Wellington Approves Land Sales, Discusses ATV Trail
The Wellington City Council met May 10 and revisited the issue of land sales at the city industrial area.
After discussing the matter, the council finalized the purchase of 15 acres by David and Tina Jensen and the sale of a separate two-acre parcel to Johnson Plumbing and Heating.
A 17-acre land sale to Larry Young was also approved in principle by the Wellington officials. The final contract is contingent upon approval by the city attorney and the signature of the mayor.
A 55-acre land sale to Shane Campbell was discussed and tabled for future consideration.
Introducing an unrelated matter at the meeting, Carbon director of planning David Levanger and Bryan Barton of Jones & DeMille Engineering gave the council a slide presentation on the progress of the countywide all-terrain vehicle trail being constructed from Scofield to Nine Mile Canyon.
Levanger emphasized that the eastern end of the trail is expected to be in operation this year from Helper to Nine Mile over Patmos Ridge.
Levanger told city officials that, once the "backbone" of the main trail is completed, other side trails will be constructed to link Wellington and Price with the main trail system.
Levanger explained that the county has worked out a possible route to Wellington, but the final route would be decided by the city council. He said the county was willing to help in any way possible.
Burton suggested that the city organize a committee to study the trail system and then make recommendations to the county.
Wellington Mayor Karl Houskeeper asked if money available to complete the trail system or if it would be finished piecemeal as future funding is made available.
Burton indicated that some money has been allocated for the project, but a final draft of the trail system has not been completed yet.
Burton said the engineering firm would meet with county commissioners soon to work out the final details. Things like the number of rest stops, spacing between rest stops, signage and some parking/staging areas have yet to be worked out.
Councilmember Glen Wells reminded the two men that Matt Rauhala and Wellington city had been instrumental in the early stages of the ATV trail initiative, and the city wanted to be kept abreast of all developments and progress of the trail system.
Houskeeper told Levanger that the city would organize a committee to make recommendations on a city connection to the main trail system.
In a separate matter, Rauhala appeared before the council requesting permission to set up a temporary singlewide trailer in the city limits. The council discussed the proposal at length, reviewed city ordinances and past practices and then denied the request.
In another matter, Kristy Prettyman appeared before the council requesting a business license to expand an existing business within the city limits. The council approved the action unanimously.

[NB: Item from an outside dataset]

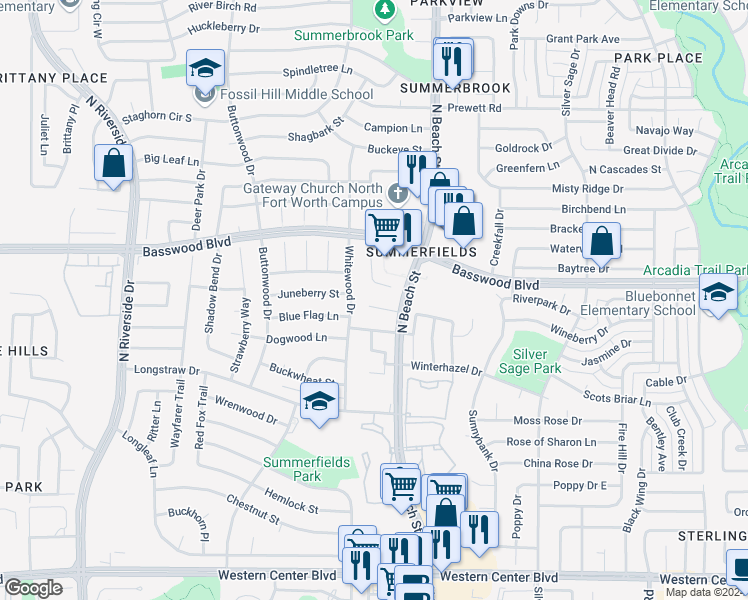 map of restaurants, bars, coffee shops, grocery stores, and more near 4209 Park Village Court in Fort Worth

With business licenses out of the way, the mayor introduced Jason Llewelyn, the new Carbon County emergency services director. Llewelyn addressed the council and presented them with a letter outlining the steps necessary for the city to become compliant with new National Incident Management Systems, part of the Homeland Security Initiative outlined by the federal government.
Llewelyn told the council that all city officials and emergency responders will be required to be trained to NIMS standards or the city would not be eligible for any federal grants or loans. He told the council that part of his job is to train people and to help the city comply with the new federal regulations. He discussed several of the steps necessary for compliance and offered his help in completing the tasks.
And in a final matter, the mayor explained a recent agreement he had worked out with the Price River Water Improvement District concerning a pending water service agreement.
He told council members that he had offered to comply with provisions of a draft of the water service agreement for one year, even though it had not been finalized and approved by the city council.
He explained that the need for some kind of agreement was crucial or the city would not be able to meet its water commitments for the coming season. He asked the council to approve his actions by a resolution.
The council approved the mayor's actions, after which the council went into executive session with counsel to discuss the ongoing issue of the water service agreement.